__Task statement__. Give back exactly the lines starting at the one with "Grey sweatpants with" and ending at the last line of the data below. Pictures are not part of the copy.

(Collected data)
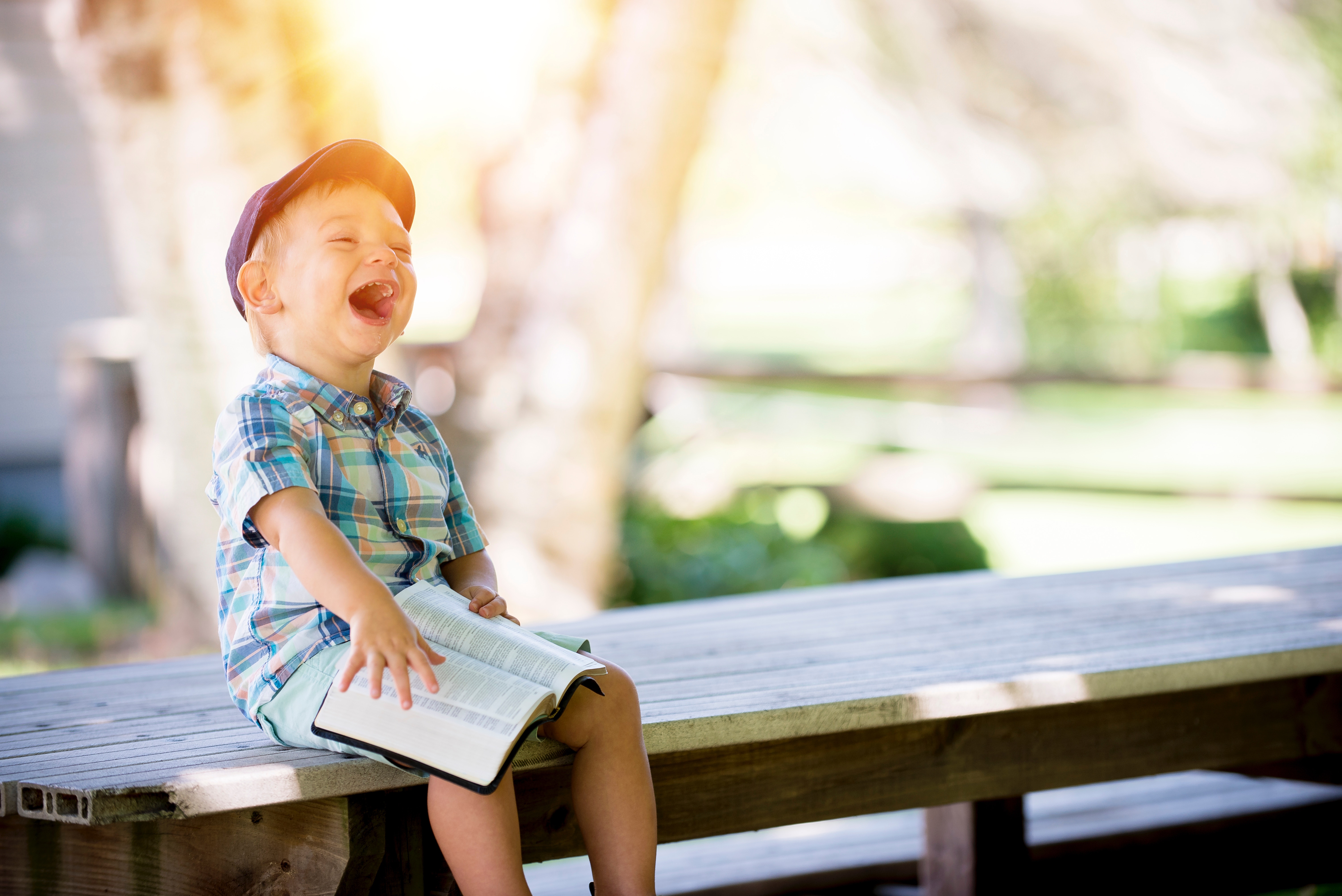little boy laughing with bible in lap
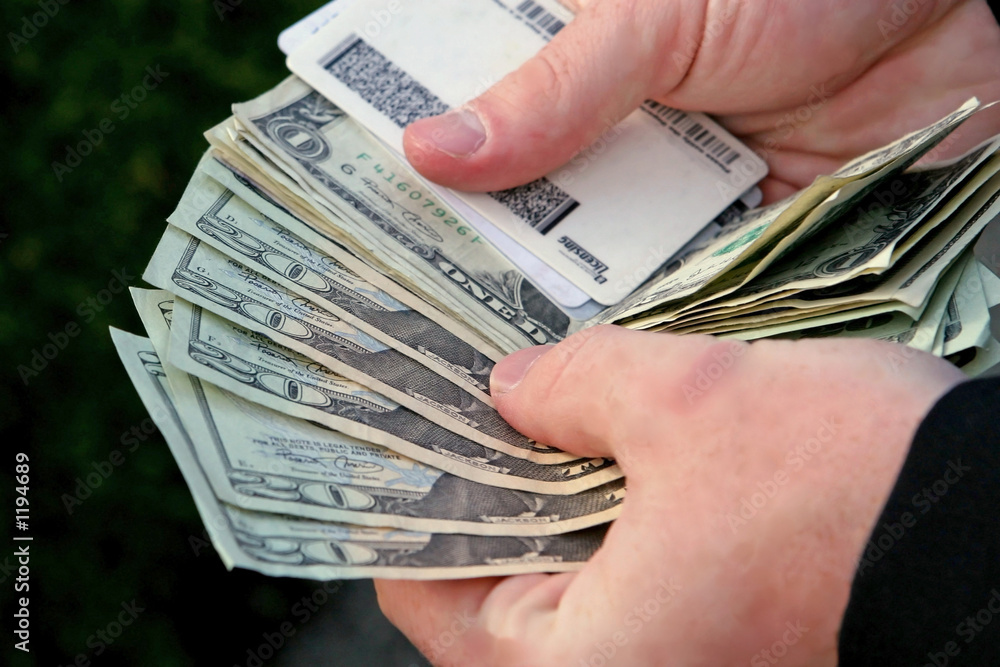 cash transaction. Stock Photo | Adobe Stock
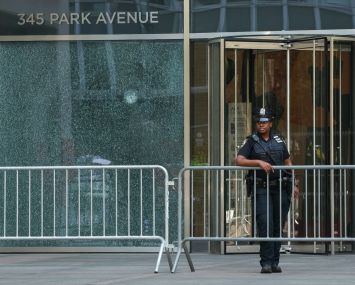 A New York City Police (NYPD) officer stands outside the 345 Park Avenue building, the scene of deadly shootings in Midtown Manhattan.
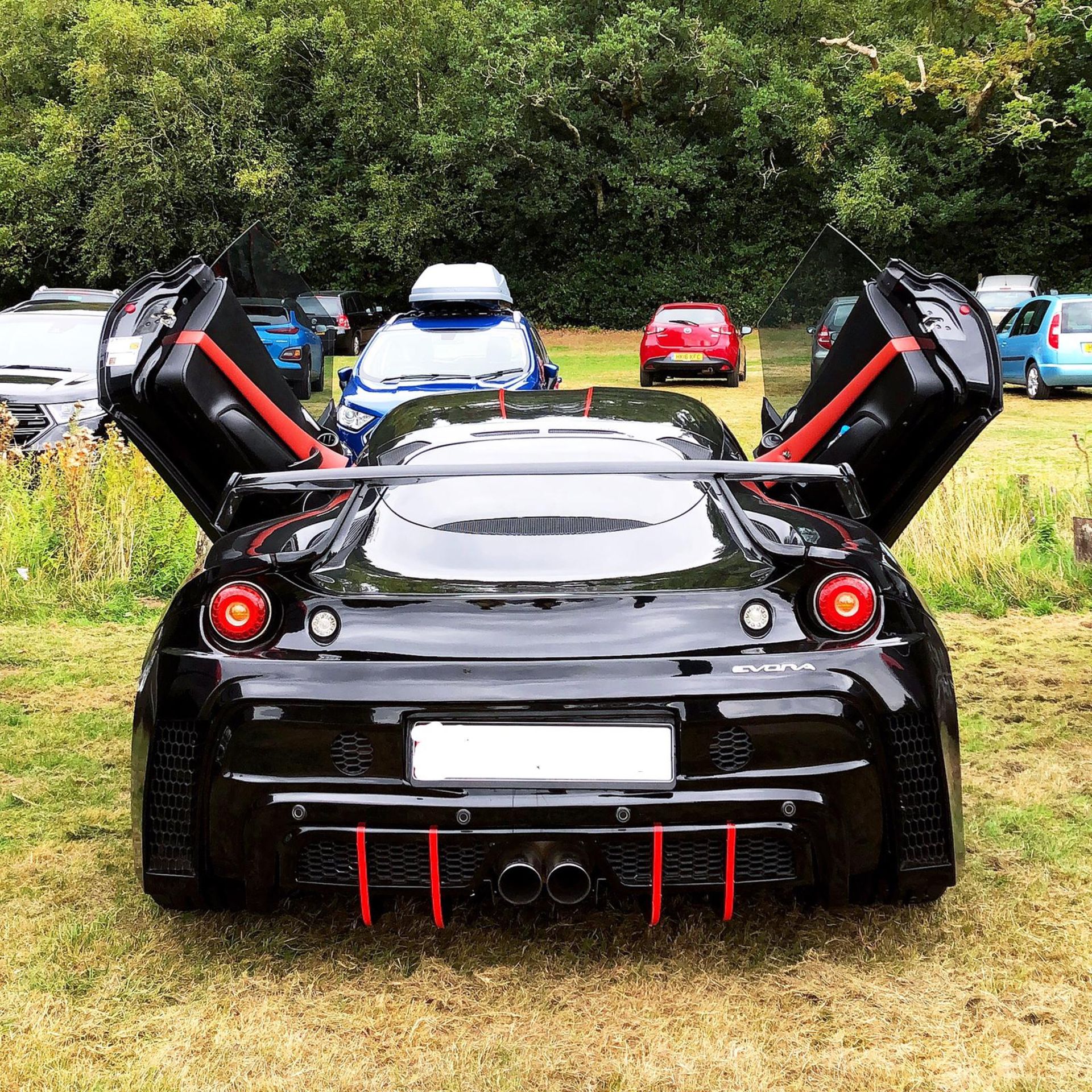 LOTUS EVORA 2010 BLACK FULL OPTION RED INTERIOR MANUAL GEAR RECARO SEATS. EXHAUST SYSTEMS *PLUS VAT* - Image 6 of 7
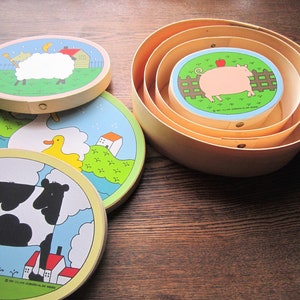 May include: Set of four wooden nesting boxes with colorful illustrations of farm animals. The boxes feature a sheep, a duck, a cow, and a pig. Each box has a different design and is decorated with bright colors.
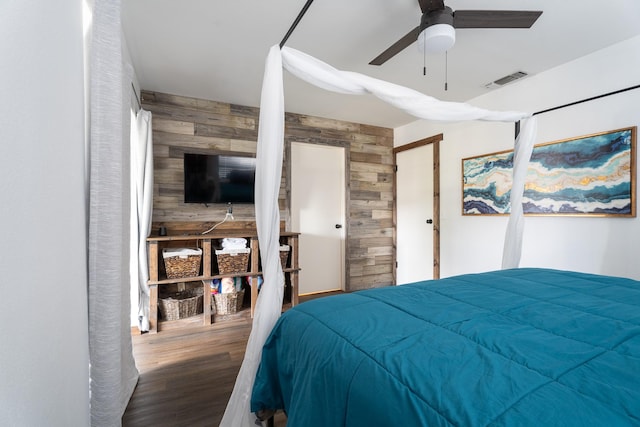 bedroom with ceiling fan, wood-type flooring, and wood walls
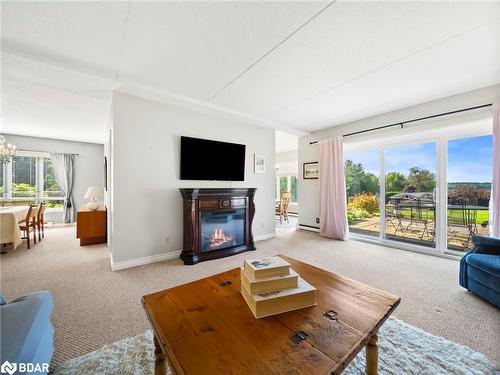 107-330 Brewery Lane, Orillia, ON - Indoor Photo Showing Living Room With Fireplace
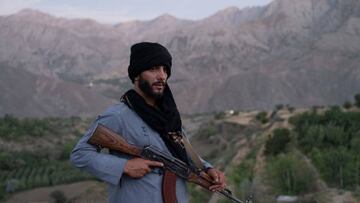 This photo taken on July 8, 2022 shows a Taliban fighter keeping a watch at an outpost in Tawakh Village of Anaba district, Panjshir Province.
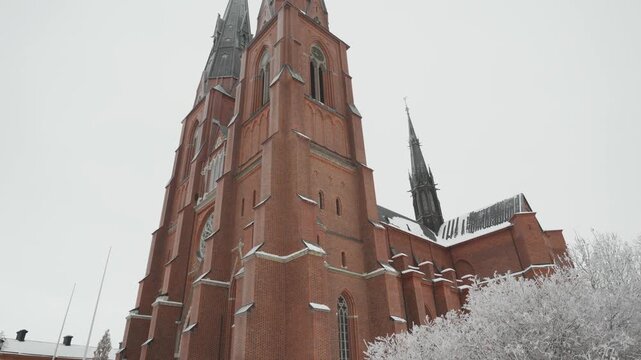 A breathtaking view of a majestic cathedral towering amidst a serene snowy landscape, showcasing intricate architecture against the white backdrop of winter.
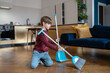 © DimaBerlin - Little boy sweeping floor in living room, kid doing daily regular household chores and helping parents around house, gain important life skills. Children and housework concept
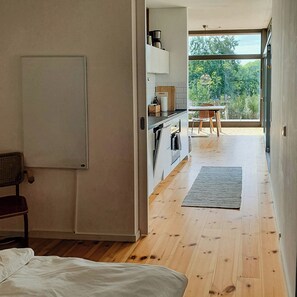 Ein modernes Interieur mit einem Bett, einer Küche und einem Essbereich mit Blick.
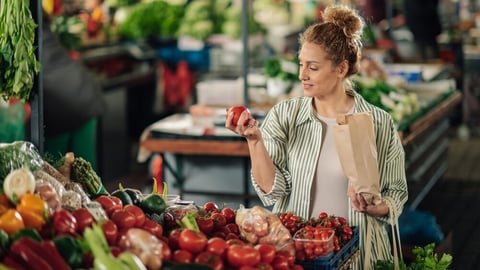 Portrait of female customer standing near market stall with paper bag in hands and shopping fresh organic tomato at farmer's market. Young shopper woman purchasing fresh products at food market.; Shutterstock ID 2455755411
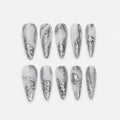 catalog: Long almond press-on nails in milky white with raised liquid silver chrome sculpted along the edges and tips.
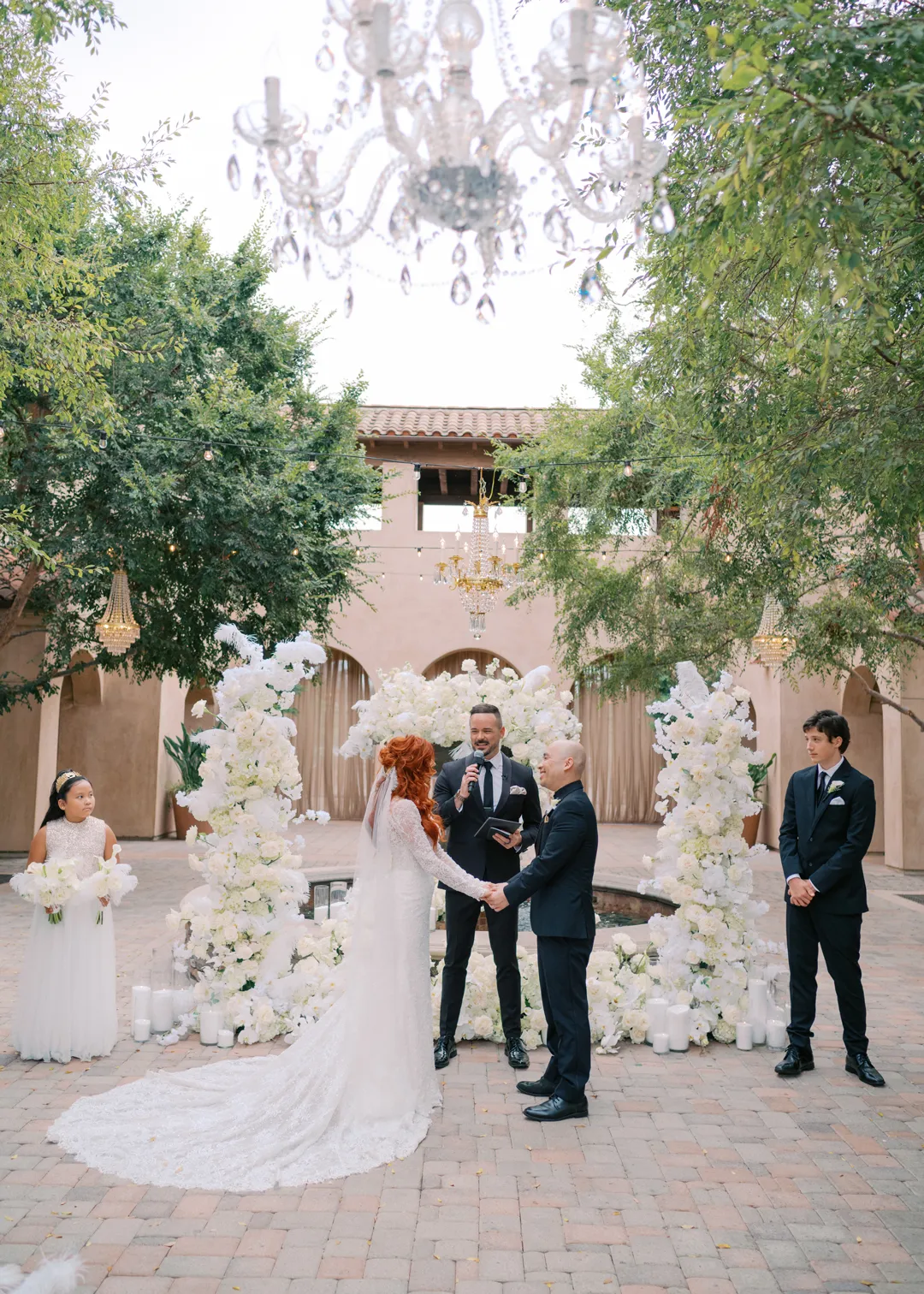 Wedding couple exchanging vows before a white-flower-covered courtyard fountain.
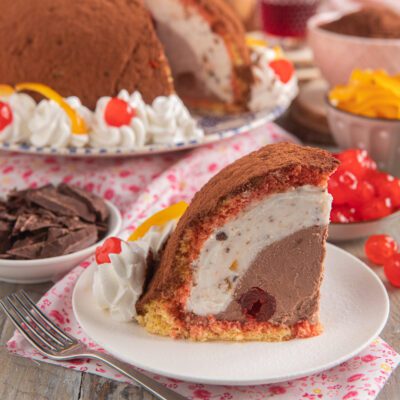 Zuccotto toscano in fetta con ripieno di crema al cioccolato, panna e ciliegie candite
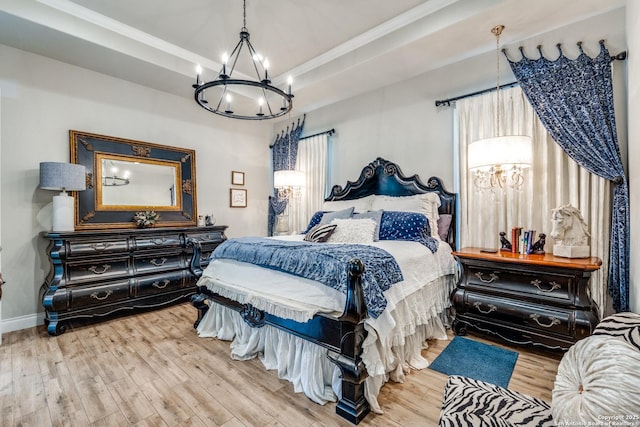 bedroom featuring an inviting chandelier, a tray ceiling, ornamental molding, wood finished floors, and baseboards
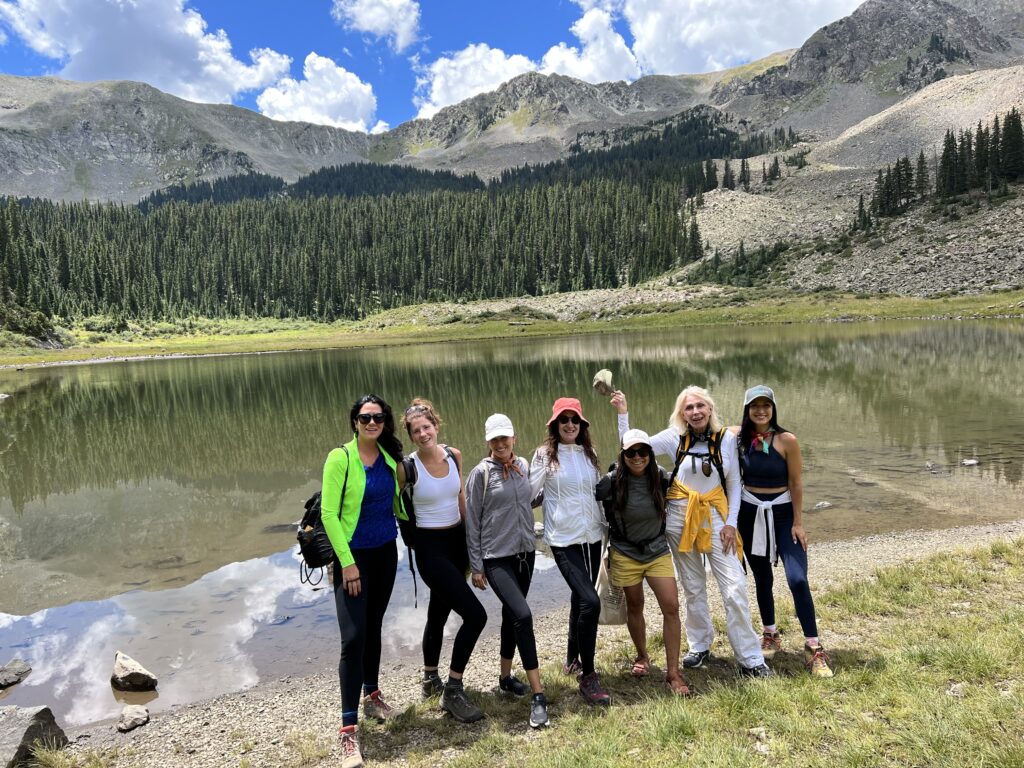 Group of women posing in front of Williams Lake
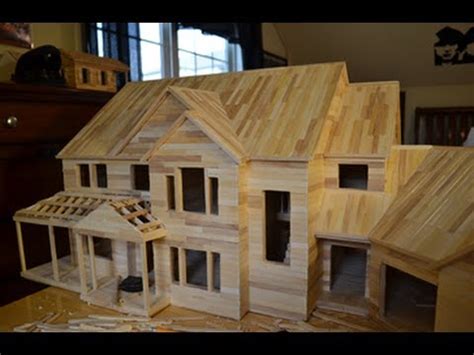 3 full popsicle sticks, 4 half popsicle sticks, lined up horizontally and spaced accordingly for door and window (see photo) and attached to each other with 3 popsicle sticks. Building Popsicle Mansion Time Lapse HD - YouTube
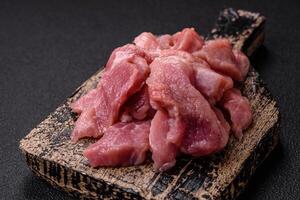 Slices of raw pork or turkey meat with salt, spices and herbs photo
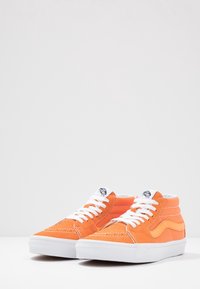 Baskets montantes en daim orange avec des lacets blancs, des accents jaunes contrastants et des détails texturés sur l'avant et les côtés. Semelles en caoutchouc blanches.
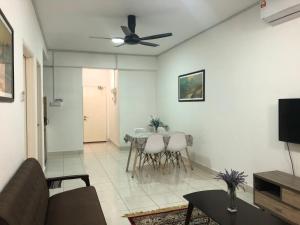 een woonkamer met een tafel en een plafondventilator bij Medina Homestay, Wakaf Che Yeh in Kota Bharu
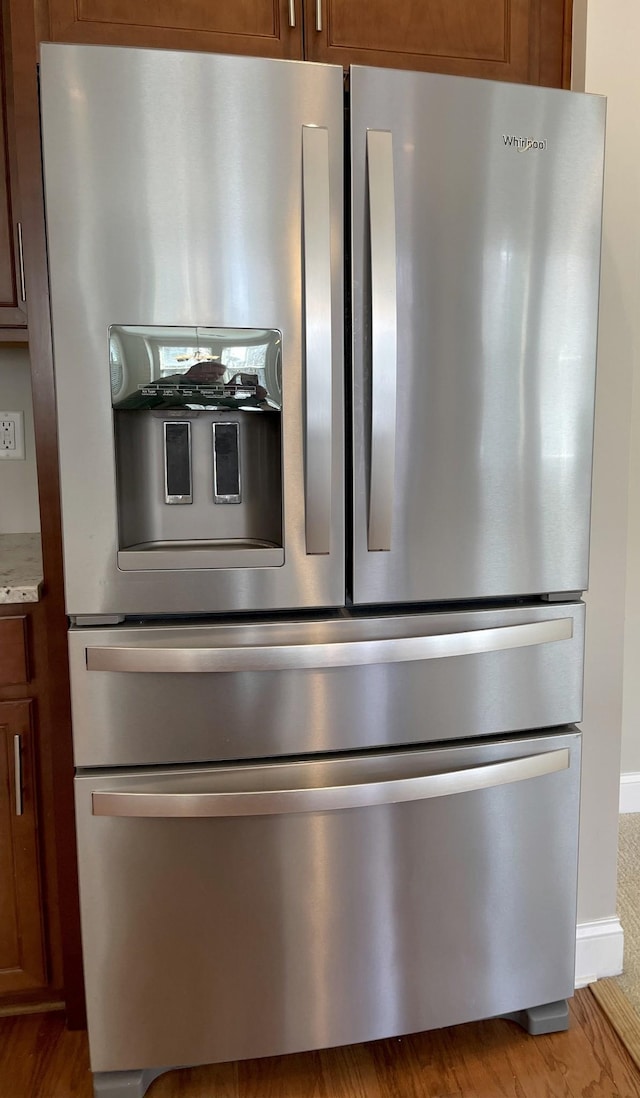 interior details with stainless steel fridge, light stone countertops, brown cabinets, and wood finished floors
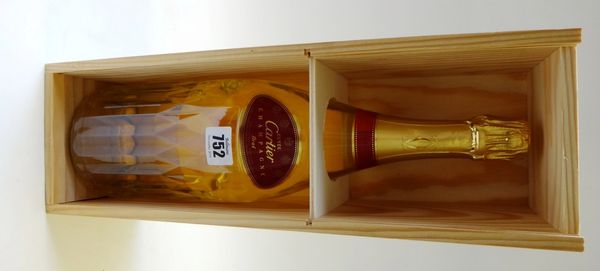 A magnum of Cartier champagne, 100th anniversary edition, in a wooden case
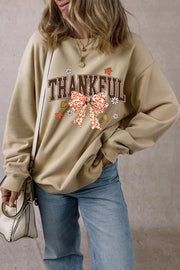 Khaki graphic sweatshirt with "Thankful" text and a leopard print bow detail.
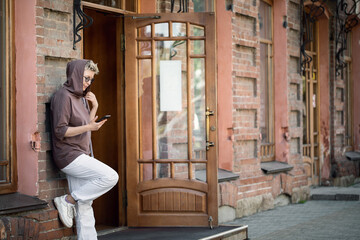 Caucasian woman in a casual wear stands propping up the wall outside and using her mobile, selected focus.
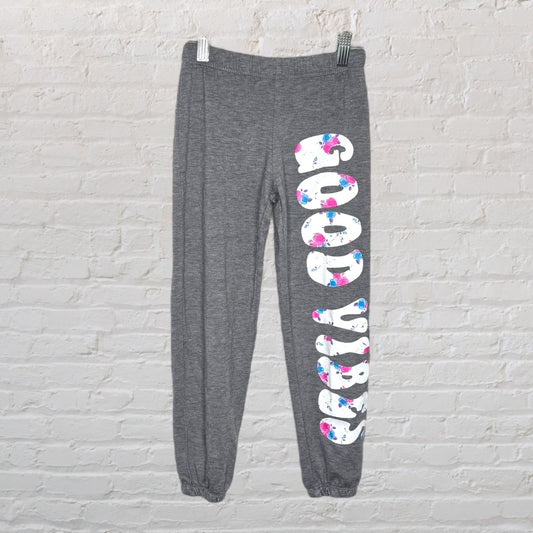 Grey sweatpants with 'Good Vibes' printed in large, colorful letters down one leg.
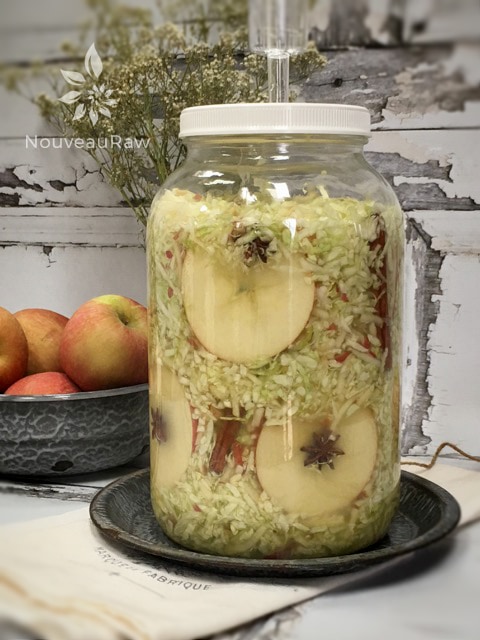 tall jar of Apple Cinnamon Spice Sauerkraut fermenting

__Solution to this task__.
 Grey sweatpants with 'Good Vibes' printed in large, colorful letters down one leg.
 tall jar of Apple Cinnamon Spice Sauerkraut fermenting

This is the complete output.